We can identify key genes or gene modules specific to the differentiation process with the Hamiltonian path ordering. To quantify the expression changes over the pseudotime, we used two statistical measures: maximal information coefficient(MIC) and distance correlation (dCor) [37,38]. Compared to the standard Pearson or Spearman correlation coefficients,these measures are more robust and range from 0 to 1. The scores are calculated for all of the genes and ranked accordingly. We selected genes that exceed a threshold of 0.5 for downstream analysis. However, the downside of these measures is that they cannot determine a positive or negative correlation.
Then we designed a simple hidden Markov model (HMM)to infer two (or possibly three) hidden states of each gene.The two hidden states represent an on/highly expressed or off/lowly expressed state in each cell. The observed variable is simply the gene expression value.In this model,we assumed a univariate Gaussian distribution over the two hidden states.
The model is initialized with N(μh1,σh1) and N( μh2,σh2)where the mean and standard deviation are estimated with the sorted observed gene expression values.Then the transition probability is inferred using the Baum-Welch algorithm [39].Subsequently, we implemented the Viterbi algorithm to infer the hidden states of the gene in each cell. The inferred states are then clustered using hierarchical clustering and visualized through a heatmap to provide an overall understanding of the gene expression changes over the developmental process.The gene clusters are further analyzed using GOsummaries[40] and PANTHER [41], which provide some biological insights into the gene modules.
In order to identify the relationship between cell differentiation and proliferation, we incorporated reCAT and redPATH to visualize their relationship.One of the challenges faced in analyzing the cell cycle is the removal of G0 cells.To date,there is no known algorithm to identify G0 cells.Here,we developed a novel approach using statistical tests to identify the G0 cells before further analysis.
The intuition for the developed approach is that cell cycling genes tend to be inactive in G0 cells and that such cells are in a resting phase. Hence, we hypothesized that G0-like cells will have the lowest cycling expression. We first transformed the gene expression matrix into average expression values for each of the following six mean cell cycle scores,G1,S,G1/S,G2,M,and G2/M.We used the annotations from Cyclebase(adapted from reCAT) to calculate the average scores.Then we applied k-means with k set to 5 (i.e., G0, G1, S, G2, and M stages) to the mean scores. We performed the pairwise analysis of variance (ANOVA) test for each of the mean scores to test for the least expressed group. The criterion is set such that the identified group must be significant (P < 0.001) in all of the six mean scores compared with the remaining groups.We validated the results on a couple of datasets where the G0 cells are known (File S1; Figure S2).
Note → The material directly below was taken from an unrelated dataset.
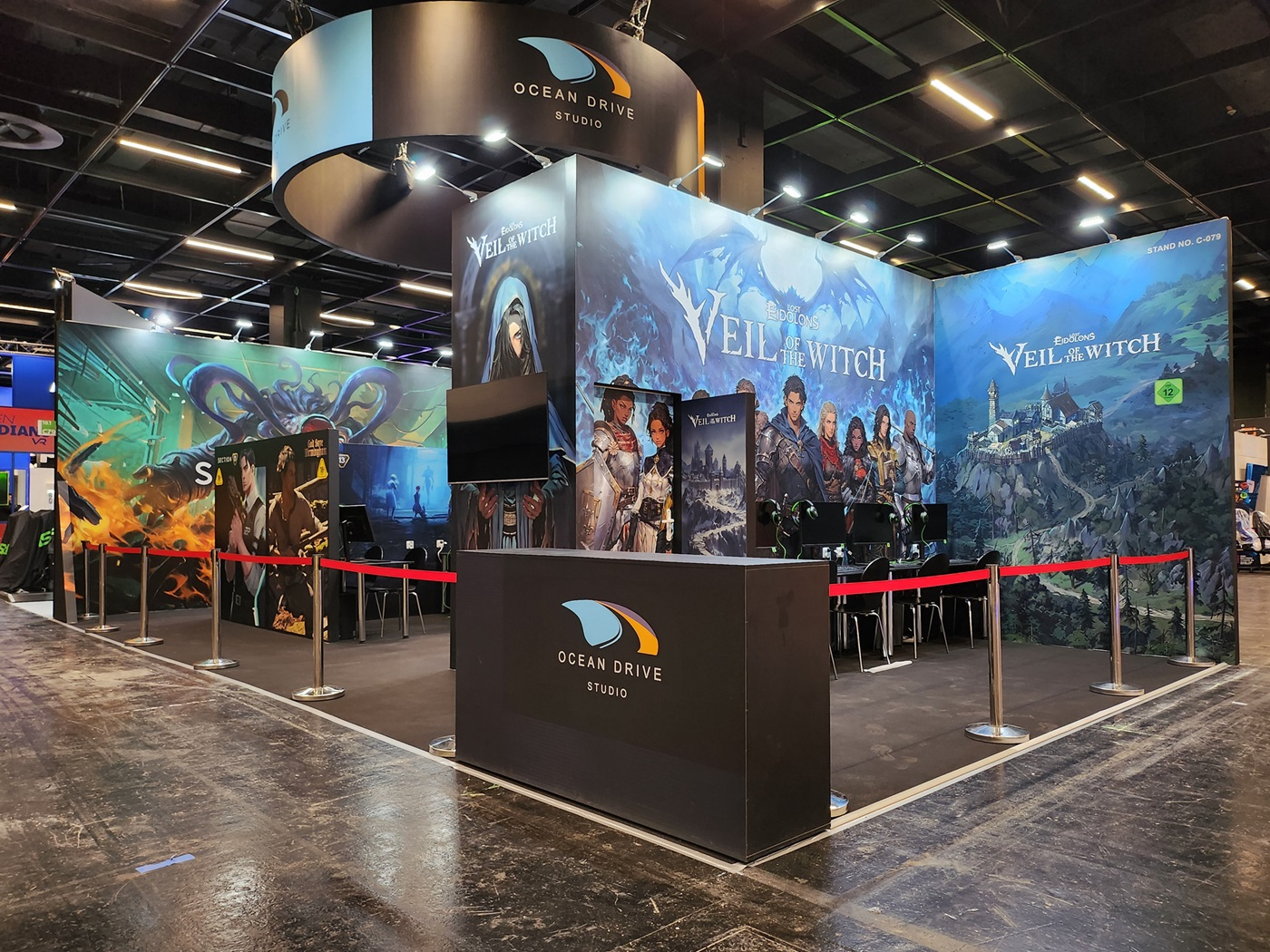 오션드라이브 게임스컴 2024 부스. / 사진=카카오게임즈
After removing G0 cells, we inferred the pseudo differentiation and cycling time for each cell using reCAT and red-PATH, respectively. Then we produced 3D spiral plots as an attempt to visualize their relationship. Briefly, the pseudotime of reCAT is projected onto a circle as the X and Y axes, and then the differentiation time is plotted on the Z-axis. Marker genes are used to depict the gradual change of the cell types in each dataset.
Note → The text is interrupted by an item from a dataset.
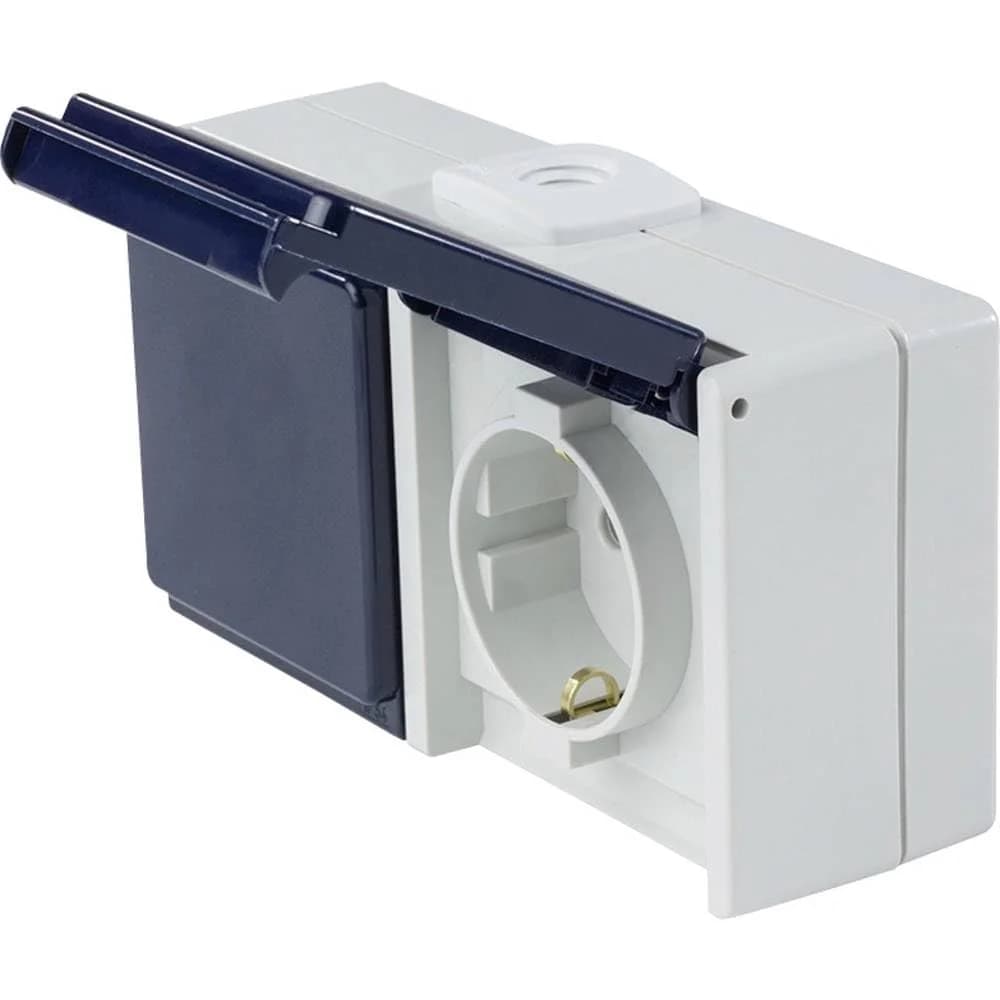 as - Schwabe Steckdose AS Schwabe 62463 Aufputz-Steckdose IP54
To quantitatively assess the pseudo temporal ordering,we used four metrics to compare pseudotime results. There are limitations to evaluating the accuracy of orderings because the delicate ordering within each different cell type remains unknown.The only available information is the cell type labeling obtained from biological experiments, which may contain some bias due to technical noise during biological experiments.Using the cell type information,we developed the change index(CI) and bubble sort index (BI). We further applied the Kendall correlation (KC) and pseudo-temporal ordering (POS)score to evaluate the reconstructed pseudotime.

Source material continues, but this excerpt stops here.